Rick Rubin should be known to most as your favorite producer’s favorite producer, having championed the big beat and been at the forefront of every movement in hip-hop and r&b for over 30 years. Kinda like the rap-game Miles Davis, but with a taste for the rugged&raw that’s placed him behind the boards for artists like The Beastie BoysJay Z, Kanye West, James Blake and even the late Johnny Cash. Luckily for us all, he hasn’t lost those decades of musical memories in the fast life. Instead, he’s offered up some keen insight into some of his favorite cuts from a storied career on Genius‘ annotation platform. In some cases, those include cuts he hasn’t even worked on, ie D’Angelo‘s turn-of-the-century masterpiece Voodoo, which got his stamp for timelessness. Below you can read some of the most compelling notes from the mystical music man known as Rick Rubin, but you’ll have to hit the link to see them all. Take care in keeping your head above water, this shit runs DEEP.

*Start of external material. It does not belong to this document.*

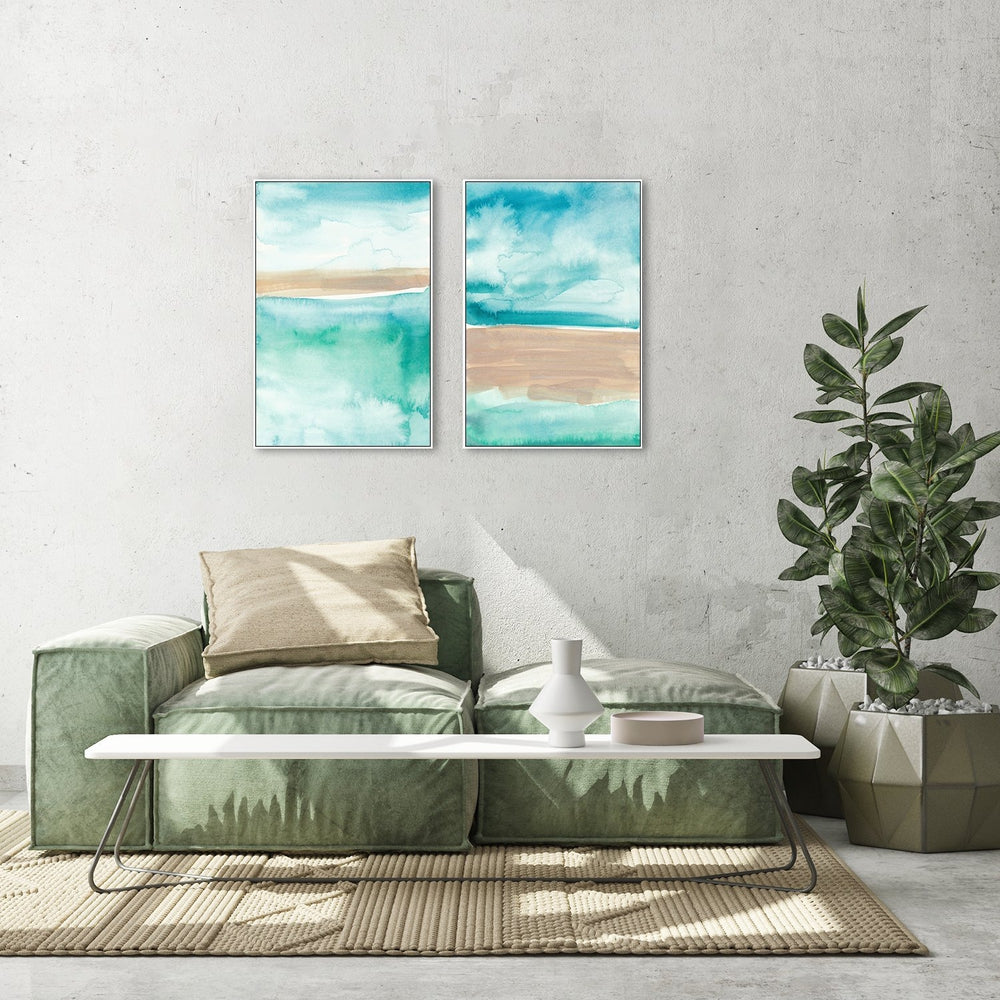 wall-art-print-canvas-poster-framed-Abstract Watercolour, Green And Blue, Style B, Set Of 2-by-Emily Wood-Gioia Wall Art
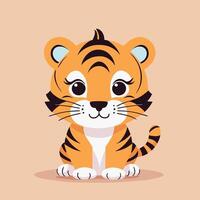 tigre dessin animé illustration agrafe art vecteur conception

>>>Read All Of Rick Rubin’s Annotations (via Genius)

On Kanye’s writing process and “Only One” : 

“Kanye is a combination of careful and spontaneous. He’ll find a theme he likes quickly, and then live with that for a while, not necessarily filling in all the words until later. At the end, he’ll fill in all the gaps.

He was upset at one point when I said that he wrote the lyrics quickly. He’s right — they percolate for a long time, he gets the phrasing into his brain, lives with it, and then lines come up. It definitely starts from this very spontaneous thing.

On Only One, a lot of those lyrics came out free-form, ad-libs. The song is essentially live, written in the moment. Some of the words were later improved, but most of it was stream of consciousness, just Kanye being in the moment.”

On James Blake’s influence: 

“There are so many records now where it’s about really, really heavy sub-bass, maybe a hi-hat, and just a voice.

I think a lot of it is the James Blake influence. I feel like he’s really influenced everybody a lot. I know in the artist community everybody loves Blake. James Blake is spectacular, I love him all the time. Live, he’s even better than on record.”

On Voodoo: 

“I don’t think there’s an album I’ve liked more than I’ve liked Voodoo in the fifteen years since it came out. I just think it’s spectacular.”